Restate word for word each line from the one containing "NajahPW Casual jacket" through the end of the material, and nothing more. Drop every picture.

## Provided information
*** Begin section ***

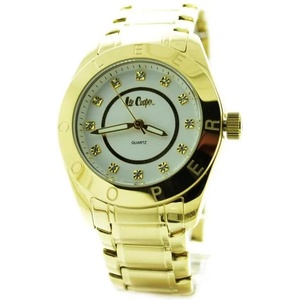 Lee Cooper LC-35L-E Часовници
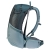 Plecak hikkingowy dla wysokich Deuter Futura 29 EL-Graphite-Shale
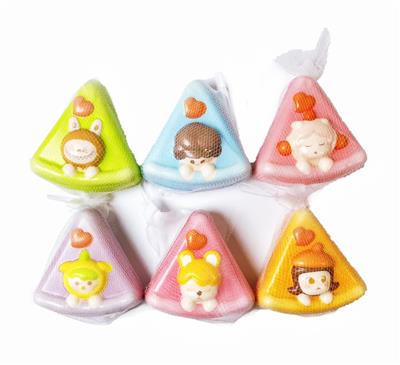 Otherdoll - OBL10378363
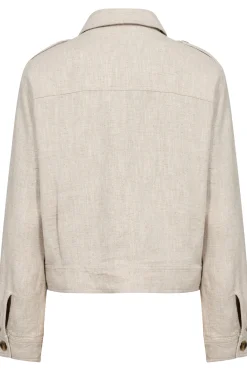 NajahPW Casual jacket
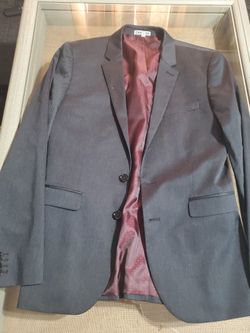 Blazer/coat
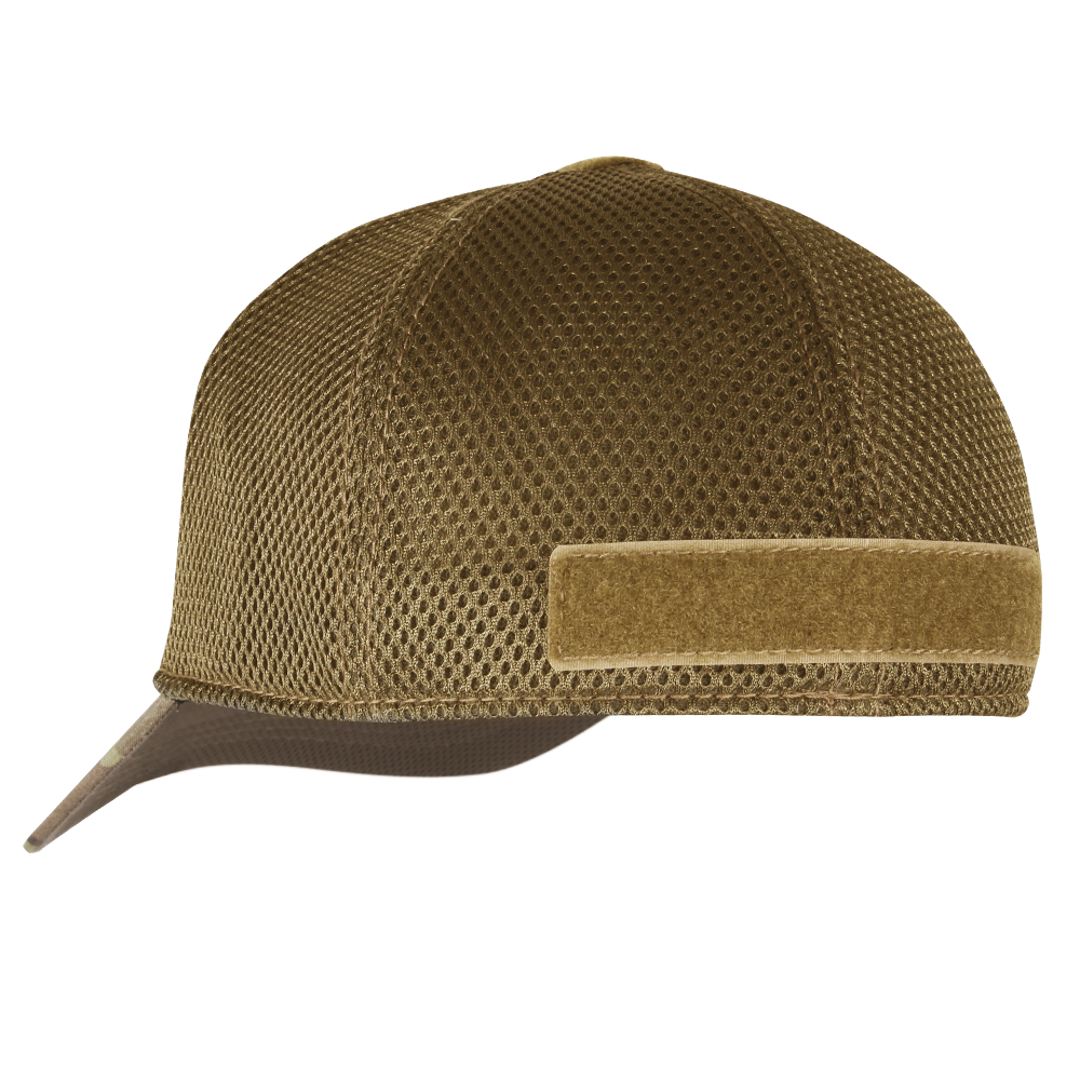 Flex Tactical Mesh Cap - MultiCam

*** End section ***

## Task solution
 NajahPW Casual jacket
 Blazer/coat
 Flex Tactical Mesh Cap - MultiCam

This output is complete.